The House Energy and Commerce Committee has issued subpoenas to the White House Chief of Staff and the Chief of Staff to the Vice President, seeking documents relating to the Solyndra loan scandal. Specifically, each subpoena asks for “[a]ll documents referring or relating in any way to the $535 million loan guarantee issued to Solyndra, Inc. by the Department of Energy.” This is the only request made by the subpoenas. Although they provide a non-exclusive list of examples that would be responsive to the request, they ask for no other documents.
In this letter, the White House Counsel Kathryn Ruemmler responds that the subpoenas are “unprecedented.” Unprecedented in what sense? Obviously, congressional committees have issued numerous subpoenas to prior administrations, including subpoenas seeking documents and testimony from White House officials. Such subpoenas were rare before Watergate (and virtually unheard of before World War II), but they have become rather commonplace since. Here are some examples of congressional subpoenas issued to the Bush Administration. During the Clinton Administration, House Government Reform Committee Chairman Dan Burton became something of a legend for the number of subpoenas he issued (reportedly over a thousand), including many to the White House.
Perhaps there is something about these particular subpoenas that makes them, in Ruemmler’s view, “unprecedented.” But nowhere in her letter does she explain what that might be.

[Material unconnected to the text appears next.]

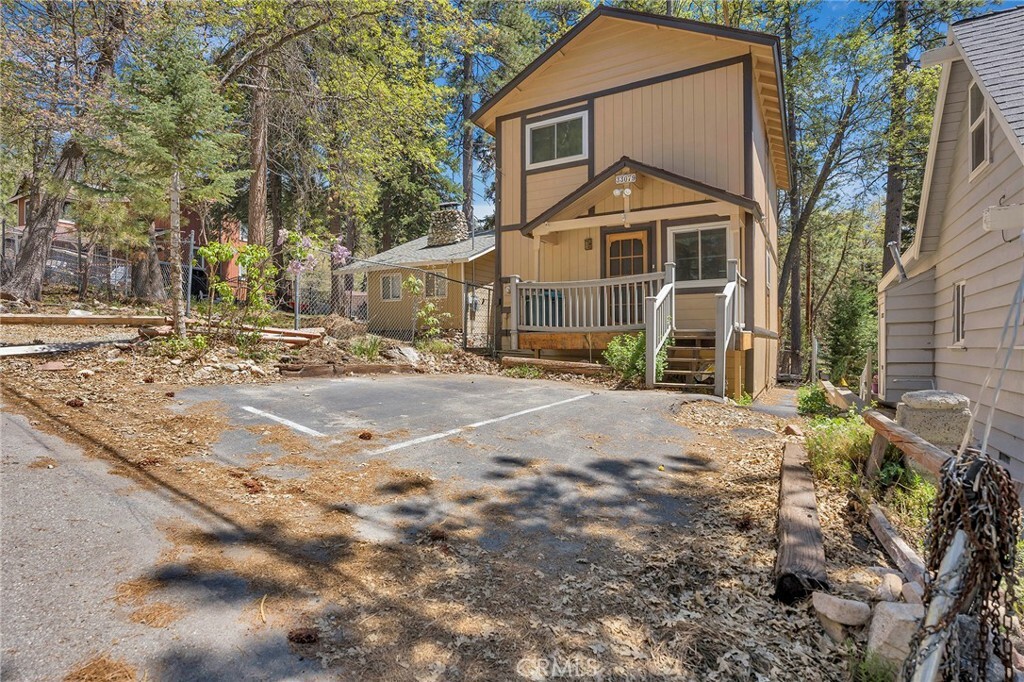 Property Photo: 33079 Ridge Road CA 92382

Instead, her primary objection seems to be that the subpoenas are “overbroad.” She characterizes the document request as “extremely broad” because it “encompasses all communications within the White House from the beginning of this Administration to the present that refer or relate to Solyndra,” and she suggests that “any document that references Solyndra, even in passing, is arguably responsive to the Committee’s request.” She contends that responding to such an “expansive request” would place “an unreasonable burden on the President’s ability to meet his constitutional duties.” As an example, she cites the fact that the subpoenas would require producing “thousands of pages of news clips” literally responsive to the requests.
It is hard to characterize this objection as anything but silly. Asking the White House to produce all documents relating to a single small company is hardly placing an undue burden on the presidency. Federal agencies routinely respond to subpoenas and FOIA requests that are far broader in scope. All that needs to be done is to identify those locations most likely to contain responsive documents and to conduct a reasonable search thereof. Since most if not all of those locations will consist of electronic databases, a single search containing the word “Solyndra” would likely suffice.
One wouldn’t think that reviewing and copying all of the White House documents that refer to Solyndra would be that burdensome either. Just how often was Solyndra discussed in the White House, anyway? There presumably are fewer such documents in the White House than there were in the Department of Energy, which has already searched for and produced documents requested by the committee. I am sure that the White House is just as capable as DOE of responding to congressional requests.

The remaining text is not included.